At Time, Ishaan Tharoor asks if Sufism can be used to defuse terrorism and radicalism:

…[W]hile Sufism is no doubt fascinating in its diversity and complexity, can it really bend terrorist swords into plowshares? The question is most urgent in South Asia, home to more than a third of the world’s Muslims and the historic cradle of Sufi Islam. Shrines of Sufi saints are ubiquitous in India and Pakistan and still attract thousands of devotees from all sectors of society. Yet the Taliban in Pakistan have set about destroying such sites, which are anathema to their literalist interpretation of the Koran. “Despite our ancient religious tradition,” says Ayeda Naqvi, a writer and Sufi scholar from Lahore, “we are being bullied and intimidated by a new form of religion that is barely one generation old.”

Still, she and other academics are wary of any government using Sufism to fight its political battles.
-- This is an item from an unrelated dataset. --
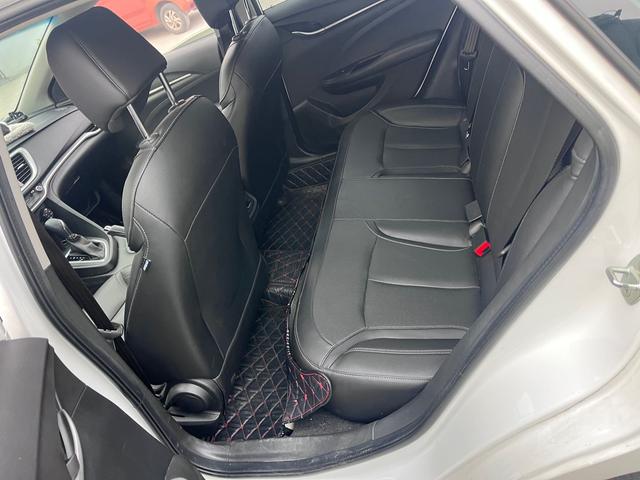 Buick Excelle 2021 Classic 1.5L Automatic Entry – фото 4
As in the past, foreign meddling would likely do more harm than good. “What is needed today, more than the West pushing any one form of religion,” says Naqvi, “is a propagation of the underlying values of Sufism—love, harmony and beauty.” There is no easy way to achieve this, especially in Pakistan, where poverty, corruption and the daily toll of the global war on terrorism simmer together in a volatile brew. Set against this, the transcendental faith of Sufi mystics seems quaint, if not entirely impotent.